→ **Your assignment**
Where the lines below hold images, skip those and copy every word exactly.

→ **The data**
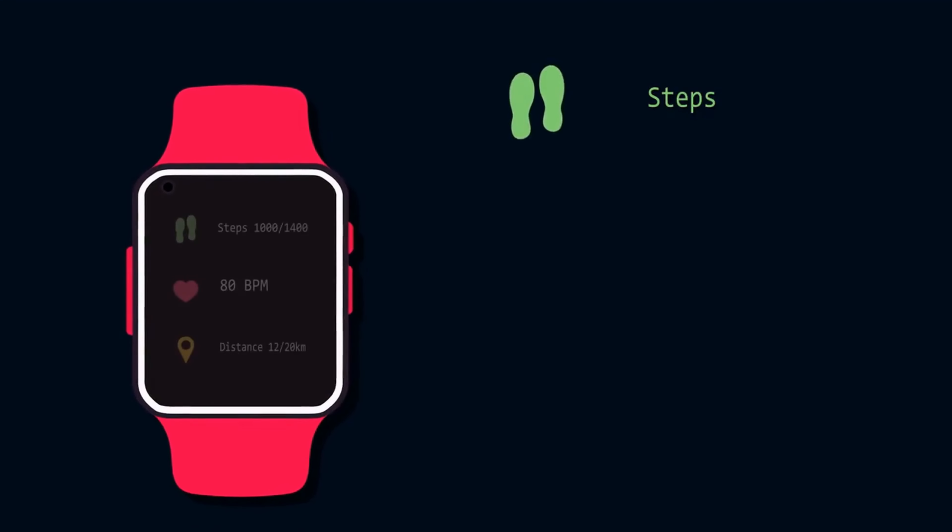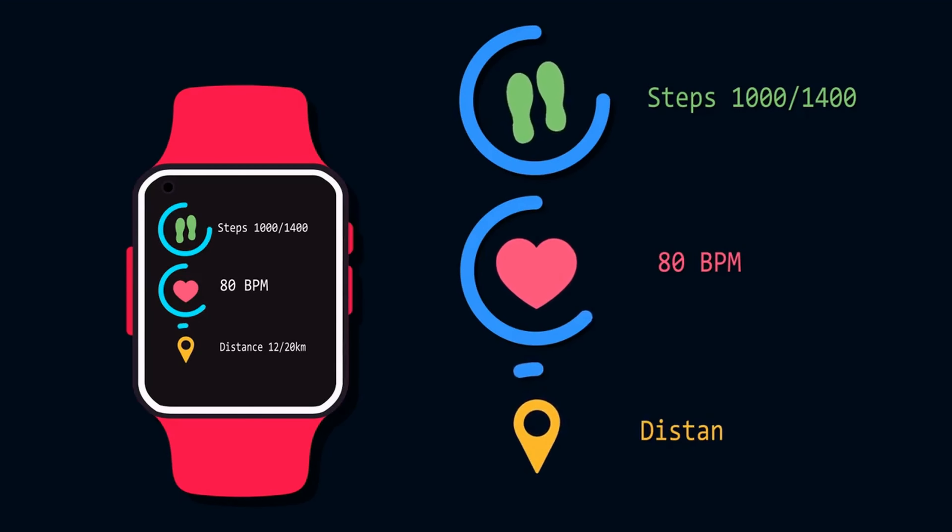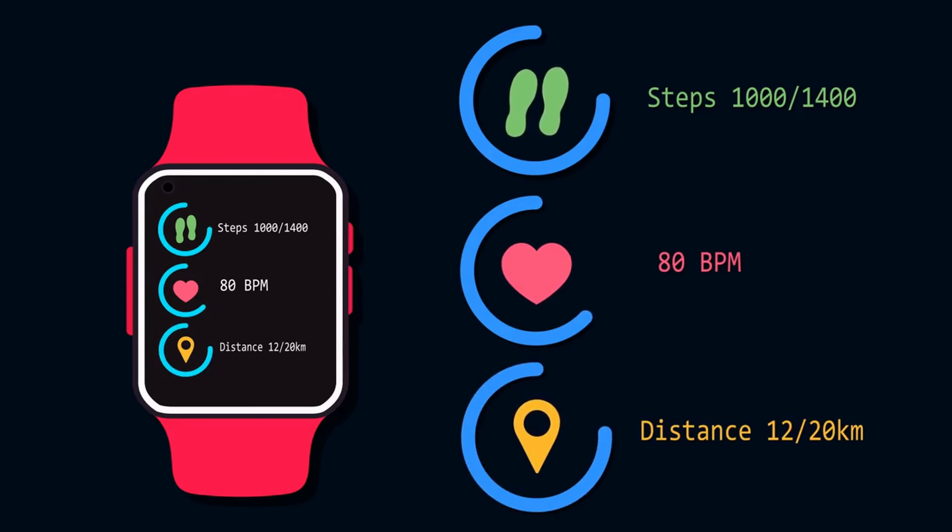Strengths: great AMOLED display, good wearing comfort, music control and quick replies for notifications, and good battery life. Weaknesses: none known yet.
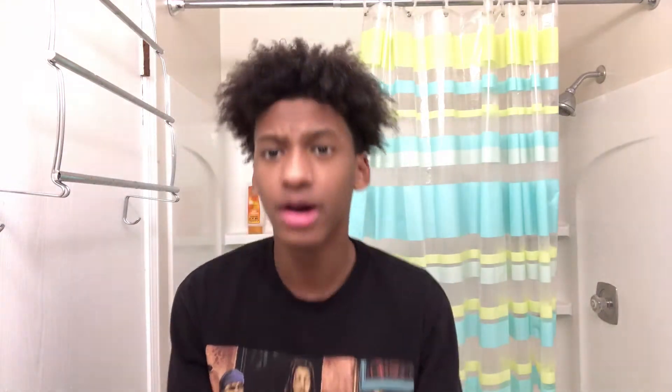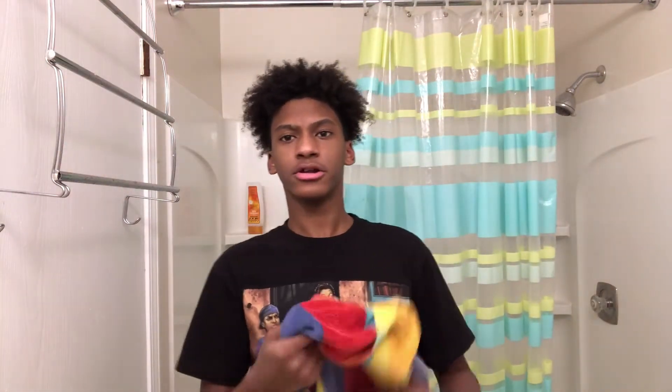Alright guys, as you can see I just got done washing my hair. I tried to get the shower head lower but it couldn't go down, so I had to do it fast and got water everywhere. That was step one. If you don't do the shampoo part, you just gotta get your hair wet before you start. But my hair's already wet because I just washed it.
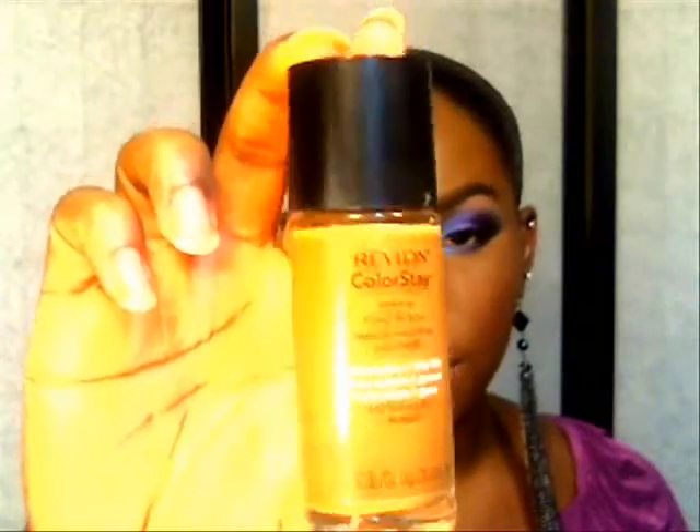I'm back! I did everything off camera — setting my foundation, applying my cheek color, lips, and all that. This is the finished look. Off camera today I used the Revlon ColorStay Foundation in Mahogany 440. As a highlight I used the L'Oreal HIP line in Sepia 814. For setting my foundation I used the MAC Studio Fix and I am NW45.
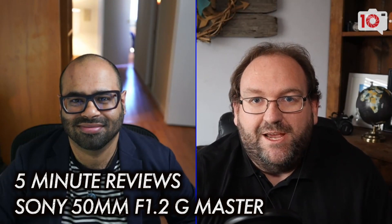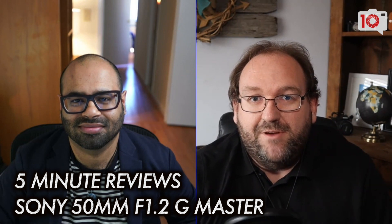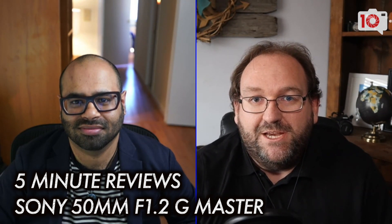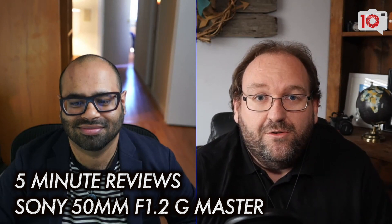Hello everyone and welcome to another first impressions video. My name is Brett Day, I'm the gear editor with The Phoblographer, and today I am joined by our editor-in-chief Chris Gampert who has had his hands on the brand new Sony 50mm f1.2 G Master. It's a lens — there it is — it's a beauty. It's a lens we've been incredibly excited about since we learned about it, and Chris has had a chance to play around with it. So Chris, what can you tell us about this lens so far?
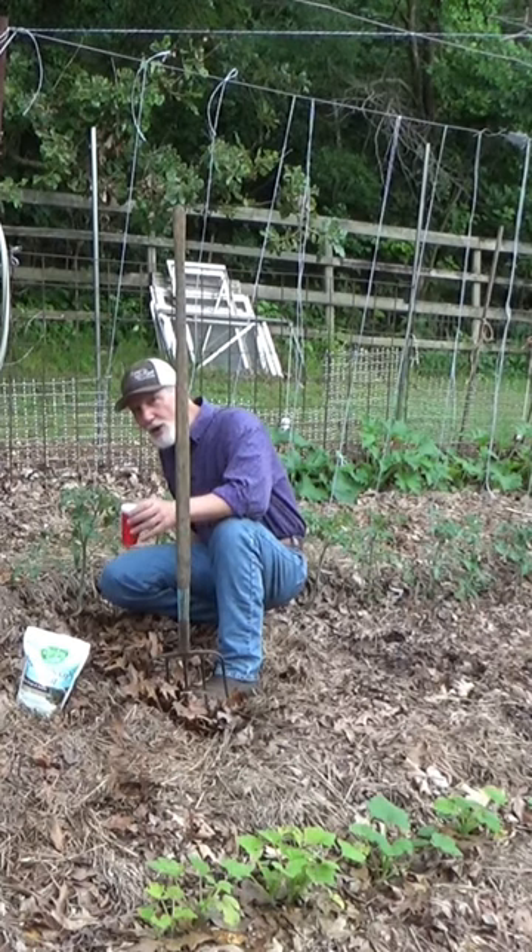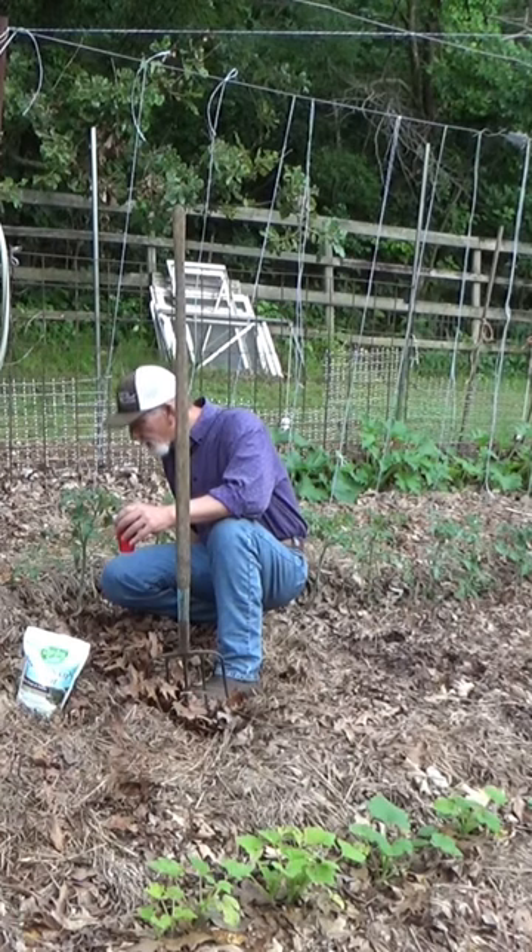The other thing I like to do is when the can's almost empty, leave it out and tip it with the spout so that the slug or snail can crawl in at an angle and they'll drown in that also. So that kind of doubles the stuff you can catch them with.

→ **Answer to this exercise**
Strengths: great AMOLED display, good wearing comfort, music control and quick replies for notifications, and good battery life. Weaknesses: none known yet.
Alright guys, as you can see I just got done washing my hair. I tried to get the shower head lower but it couldn't go down, so I had to do it fast and got water everywhere. That was step one. If you don't do the shampoo part, you just gotta get your hair wet before you start. But my hair's already wet because I just washed it.
I'm back! I did everything off camera — setting my foundation, applying my cheek color, lips, and all that. This is the finished look. Off camera today I used the Revlon ColorStay Foundation in Mahogany 440. As a highlight I used the L'Oreal HIP line in Sepia 814. For setting my foundation I used the MAC Studio Fix and I am NW45.
Hello everyone and welcome to another first impressions video. My name is Brett Day, I'm the gear editor with The Phoblographer, and today I am joined by our editor-in-chief Chris Gampert who has had his hands on the brand new Sony 50mm f1.2 G Master. It's a lens — there it is — it's a beauty. It's a lens we've been incredibly excited about since we learned about it, and Chris has had a chance to play around with it. So Chris, what can you tell us about this lens so far?
The other thing I like to do is when the can's almost empty, leave it out and tip it with the spout so that the slug or snail can crawl in at an angle and they'll drown in that also. So that kind of doubles the stuff you can catch them with.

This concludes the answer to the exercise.